The Bangladesh Institute of Social Research Trust (BISRT) based on secondary sources (like videos, media broadcast and publication, public actions) tried to find out the causes why such horrific killings occurred one after another. According to BISRT, 'child torture to death' creates severe panic in society as a whole, especially in the parental world.
Now some questions automatically come up. To start with, according to the criminals, were these criminal acts? If so, from criminals' point of view, why such crimes occurred publicly? Are these people not at all concerned about any social reaction? How to prevent such crimes through social awareness?
An analysis of these questions reveals that in our society, child torture is not considered a crime, because it starts from the parents and other elderly family members. Particularly, in the poor and extreme poor families, poverty, illiteracy and unawareness are the reasons which lead to child torture. This creates a severe impact on the child's mental health which is rarely recognised by parents and others. In addition, torture of domestic child worker is being done by the well-to-do and educated people, which is a clear abuse of their power.
Moreover, social perception about crime is that the poor are prone to crime and are easy to punish. The above-mentioned incidences may be linked well with this perception. All the tortured children belong to the poor and vulnerable families.
A mindset is there among the socially affluent persons as though they have the privilege of torturing the poor and socially deprived, an act which they consider risk-free. The perception is that nobody will raise voice against them. Even if it draws attention, some financial compensation is enough to tackle the situation. As a result, torture sometimes leads to perversion and beastly pleasure that we have seen in all the above-mentioned incidents, especially in the cases of Rajon and Rakib.
Secondly, all these boys were accused of committing theft and beaten to death. Experiences in the country reveal the presence of a perverse mob culture that largely account for brute actions. When anyone is allegedly found guilty of committing a crime, the mob turns brutal without even caring for the veracity or degree of the crime.
Although a good number of children were tortured to death in the past few years, those incidents didn't spark people's uproar as it happened in case of Rajon and Rakib. Uploading video clip of Rajon's murder by the killers on Facebook and video-sharing site YouTube caused an outcry, demanding their capital punishment. Perhaps the offenders themselves circulated it through the social media to flaunt their might and authority.
Due to quick circulation of the video clip in the media, these incidents reached the mass people in no time which made it imperative for the law enforcing agency to bring the offenders to book. This ensured justice through speedy trial to the satisfaction of all quarters of society.

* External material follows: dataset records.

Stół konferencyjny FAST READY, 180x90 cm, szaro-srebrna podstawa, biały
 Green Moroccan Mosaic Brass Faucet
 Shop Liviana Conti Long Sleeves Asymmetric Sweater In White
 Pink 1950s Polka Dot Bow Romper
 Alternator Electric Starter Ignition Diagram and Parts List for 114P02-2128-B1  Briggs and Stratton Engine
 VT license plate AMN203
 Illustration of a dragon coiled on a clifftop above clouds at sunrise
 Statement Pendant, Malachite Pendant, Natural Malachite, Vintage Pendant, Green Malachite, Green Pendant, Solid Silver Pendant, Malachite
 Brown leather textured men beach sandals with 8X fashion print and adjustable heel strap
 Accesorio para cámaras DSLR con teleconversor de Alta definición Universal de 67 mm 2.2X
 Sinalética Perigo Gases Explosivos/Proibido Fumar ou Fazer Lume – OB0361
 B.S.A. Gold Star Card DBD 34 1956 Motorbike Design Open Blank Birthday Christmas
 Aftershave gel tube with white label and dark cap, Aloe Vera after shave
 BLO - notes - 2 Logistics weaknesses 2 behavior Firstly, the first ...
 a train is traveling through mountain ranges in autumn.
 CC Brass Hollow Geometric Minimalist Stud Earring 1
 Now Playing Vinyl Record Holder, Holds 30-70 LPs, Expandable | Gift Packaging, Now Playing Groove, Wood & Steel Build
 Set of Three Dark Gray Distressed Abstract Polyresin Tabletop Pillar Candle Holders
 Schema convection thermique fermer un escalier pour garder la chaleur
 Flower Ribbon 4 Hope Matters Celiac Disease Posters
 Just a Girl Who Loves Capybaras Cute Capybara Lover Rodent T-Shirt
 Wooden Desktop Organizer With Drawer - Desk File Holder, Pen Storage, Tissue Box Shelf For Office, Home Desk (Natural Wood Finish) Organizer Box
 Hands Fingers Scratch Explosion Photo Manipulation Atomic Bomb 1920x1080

The court verdicts confirm that killing people on charges of offence is neither acceptable in the court of law nor to the people. However, there is no strait-jacket solution to this problem. Creating awareness about child rights through interactive popular theatre about child torture, organising dialogue among people, campaigning through billboard etc at the grassroots level may prove helpful. Besides, to bring an end to erratic mob behaviour or brutality, some actions need to be taken socially, institutionally and legally.
Zerina Shabnaz Akkas, PhD is a Gender Development Specialist at the Bangladesh Institute of Social Research Trust (BISRT).